Überall Blumen ist ein schönes Porträt, ist ein großartiger Film. Thome ist ein gewinnender Mensch, ich kenne ihn mehr aus der Ferne als aus der Nähe, aber ich weiß, dass er das hier lesen wird, weil er alles liest, was man über ihn schreibt. Er schreibt mir dann auch oft, was er von dem hält, was ich über seine Filme schreibe. (Meistens findet er es zu verkopft.) Er ist auf diese Weise selbstbezogen, wie es viele Künstler wohl sind, anders als andere macht er daraus aber kein Geheimnis. In seinem Blog schreibt er offen über sich und die Welt, wie er sie sieht und wie sie ihn sieht und wie er das sieht, wie sie ihn sieht. Thome ist selbstbezogen, aber er ist auch voller Selbstironie. Es ist eine eigentümliche Mischung, auch seine Filme sind von einzigartiger Komik, die jene vermutlich gar nicht begreifen, die nur das autorenfilmerische Kunstwollen sehen, das auf verquere Art auch in ihnen steckt. Ich bin, das ist kein Geheimnis, ein Fan.

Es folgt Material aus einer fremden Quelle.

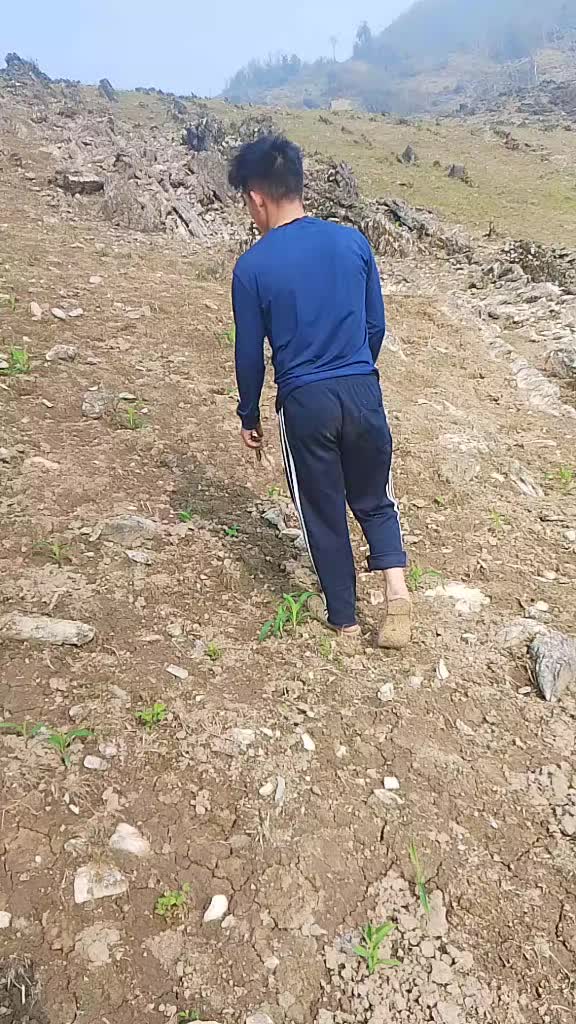 @s&aacute;ng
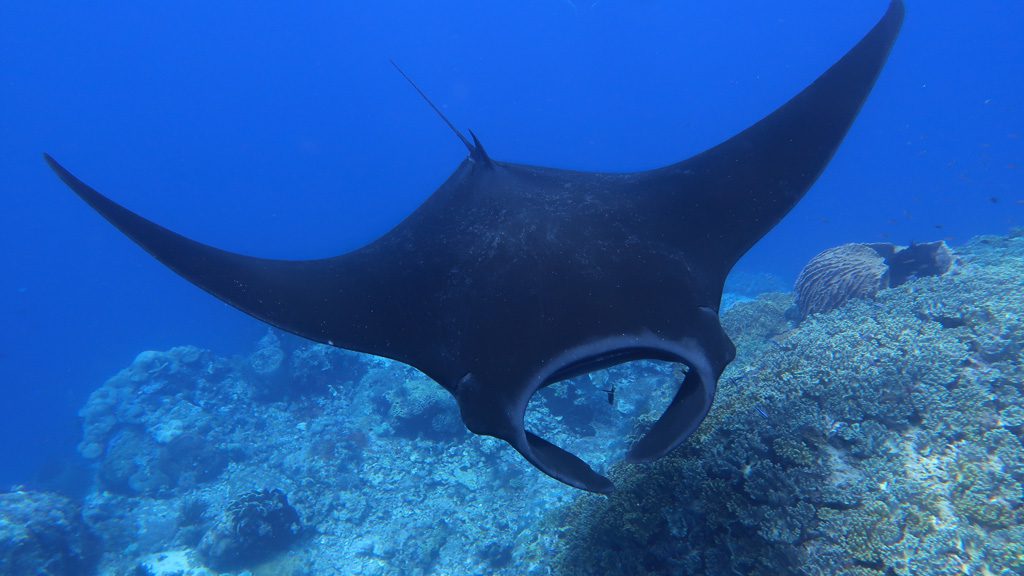 21 Mermaid II Liveaboard Komodo Raja Ampat Bali Indonesia ray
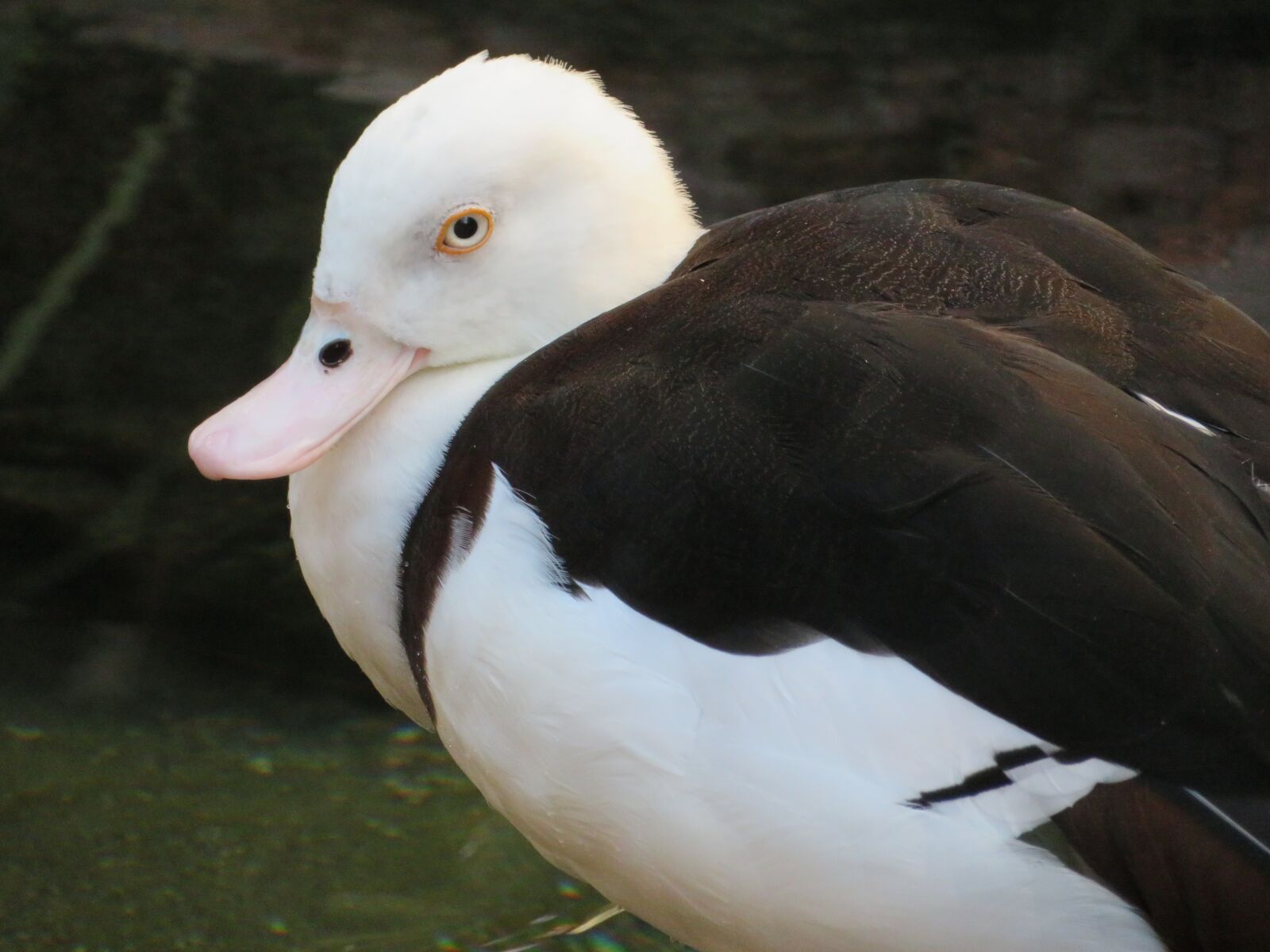 Canon PowerShot SX720 HS sample photo. Duck, animal, nature photography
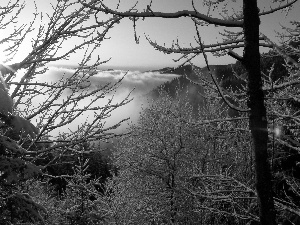 Mountains, branch pics, rays of the Sun, Fog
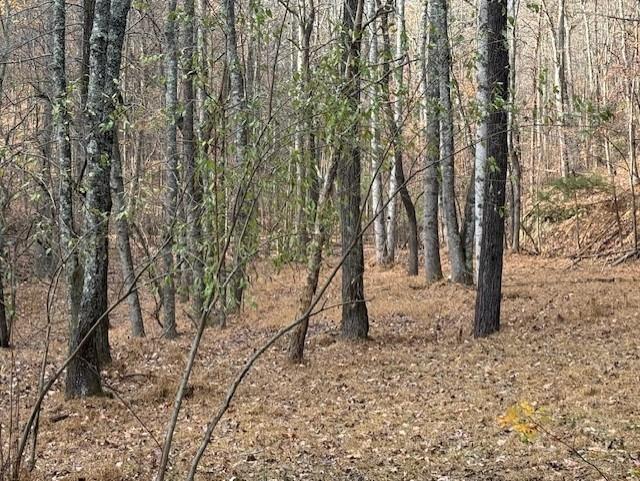 0 John Call Rd - 181.51ac Talking Rock GA 30175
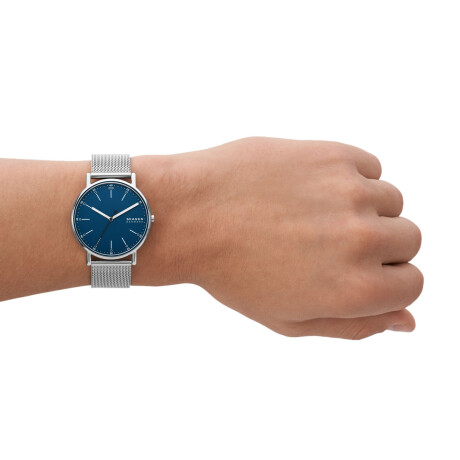 Reloj Skagen Fashion Acero Inoxidable Plata 0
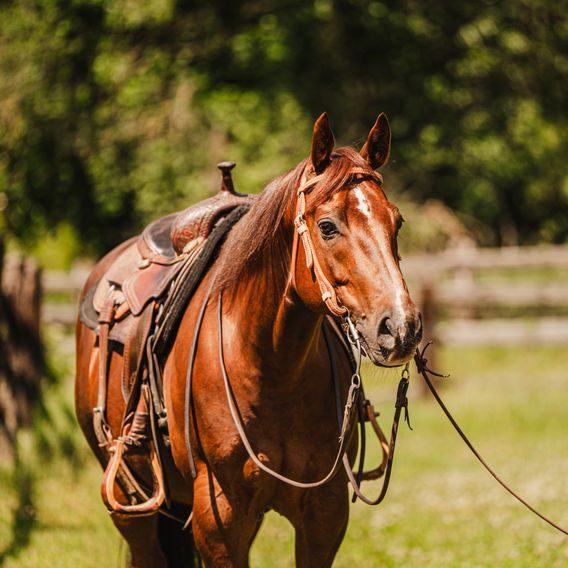 *W* Uzdečka Cassini Quick Rawhide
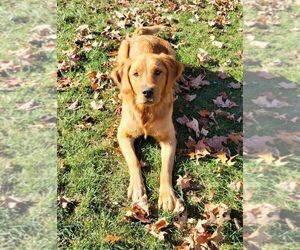 Mother of the Golden Retriever puppies born on 09/26/2025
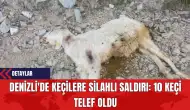 Denizli'de Keçilere Silahlı Saldırı: 10 Keçi Telef Oldu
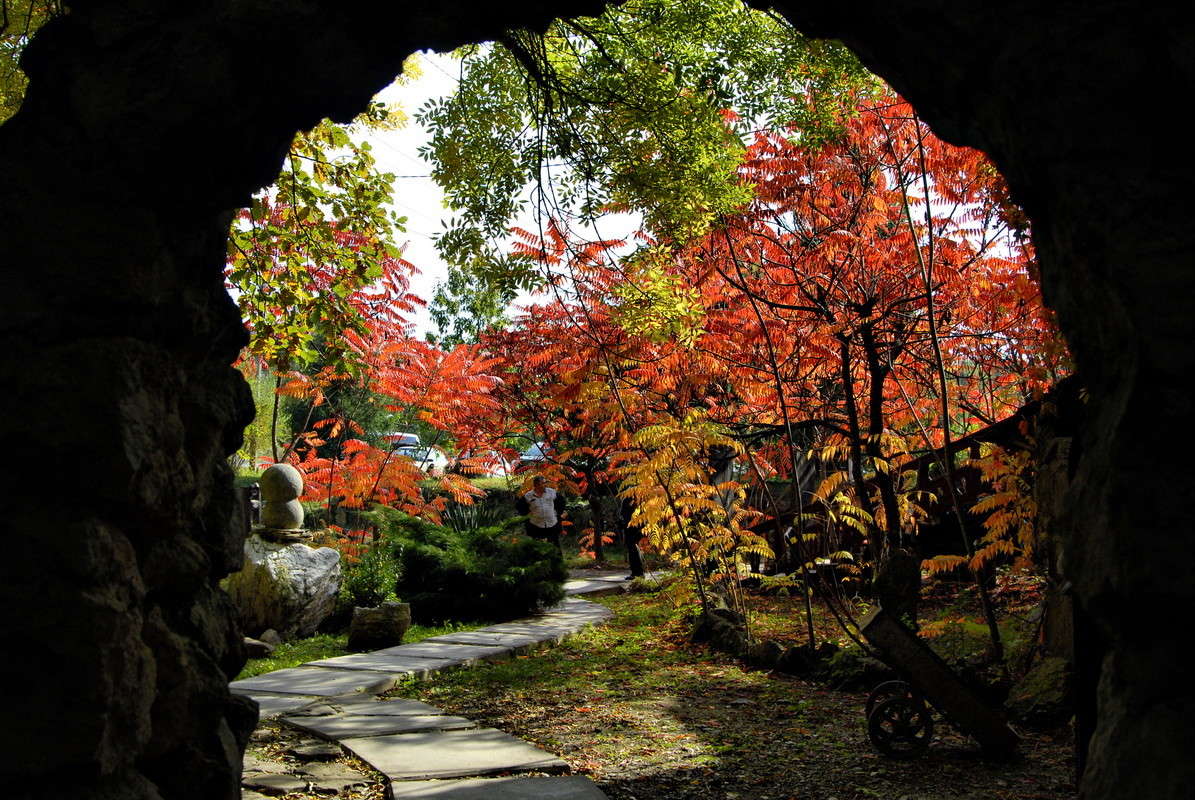 ... ����� alex  �� PhotoGeek.ru #������ ��� �������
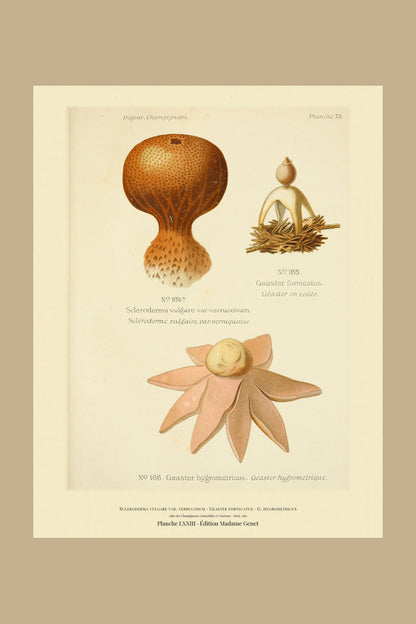 Planche LXXIII from Léon Dufour's 1891 Atlas des Champignons — Scleroderma vulgare var. verrucosum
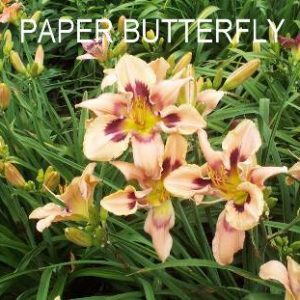 PAPER BUTTERFLY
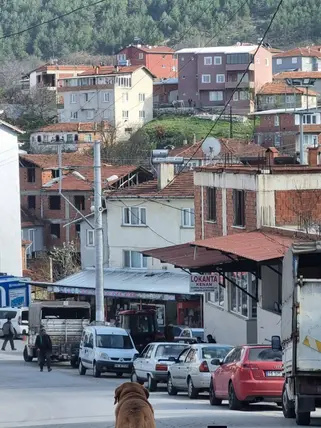 Bursa Büyükorhan Hocahasan Mahallesi 135 m² satılık muhtelif Arsa arsa - Fotoğraf 3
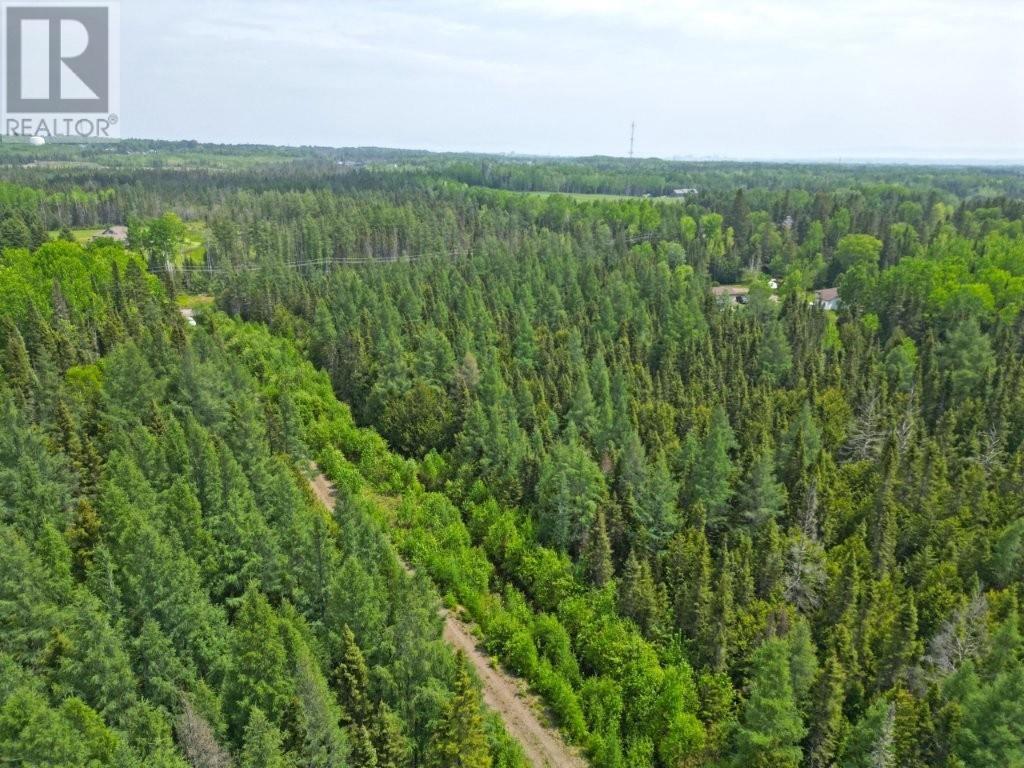 2999 Alice Ave, Thunder Bay, Ontario  P7G 1X4 - Photo 9 - TB251706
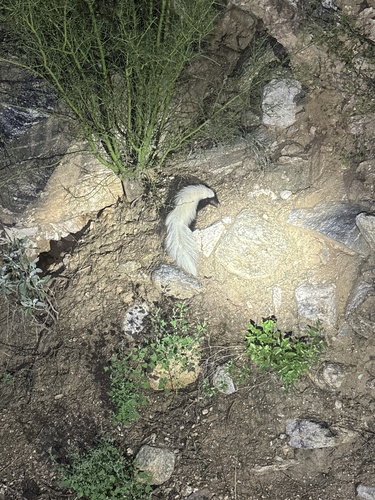 American Hog-nosed Skunk observed by tothemax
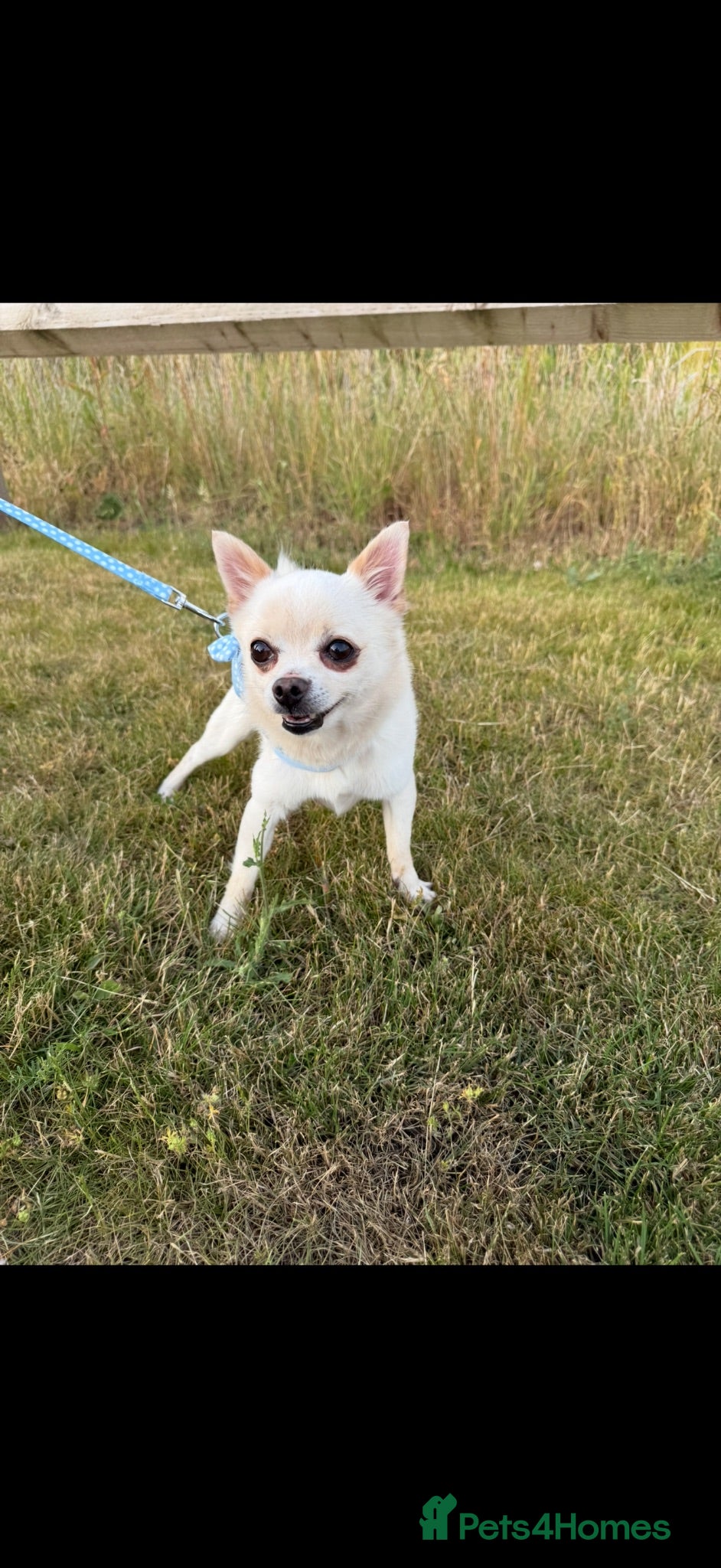 Chihuahua dogs Male chihuahua  - Advert 5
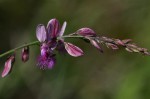 Polygala hottentotta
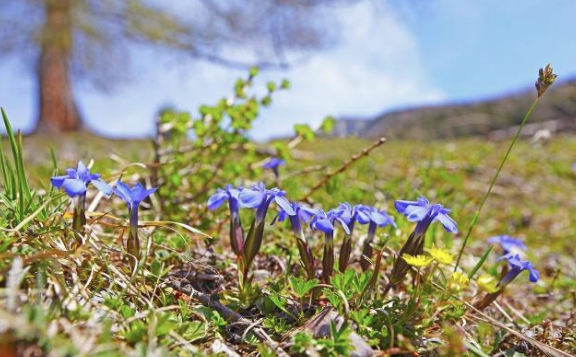 苏轼最心疼的词人是谁？写的词意境唯美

Serpil Turhan zeigt Thome beim Schreiben, beim Lesen, sie zeigt ihn im Garten und im Haus. Was sie kaum zeigt, sind Ausschnitte aus den Filmen. So ein Film ist ihr Porträt nicht. Immer spürt man Turhans Präsenz, nicht nur, wenn sie mit ihm spricht. Es sind Szenen darin, in denen sie darüber diskutieren, wie er sich benehmen soll, natürlich natürlich, in diesem Dokumentarfilm, in dem er doch auch wieder nicht nicht sich selbst spielen kann. Und so ist Überall Blumen ein Film, der einen Mann zeigt, der tolle Filme gemacht hat und in seinem selbst eingerichteten Paradies nicht unglücklich lebt; aber es ist vor allem ein Film weniger "über" eine Freundschaft denn selbst ein Ausdruck dieser Freundschaft zwischen dem Filmemacher und seiner früheren Mitarbeiterin und Darstellerin. Man könnte sagen: Freundschaft wird selbst Form in "Überall Blumen". Es ist darum ein Film ohne Kalkül, er nimmt und akzeptiert und liebt Thome, wie man Freunde nimmt, akzeptiert, liebt, nämlich ganz so, wie sie sind, mit all ihren Schwächen. Er drängt einem diese Freundschaft nicht auf, er wird auch nie zu intim, aber er lässt einen teilhaben an diesem Blick, dieser Nähe. Überall Blumen ist wirklich überall schön.

Der Film startet heute in einigen Kinos, im peripher-Verleih, der zum Berliner fsk-Kino gehört.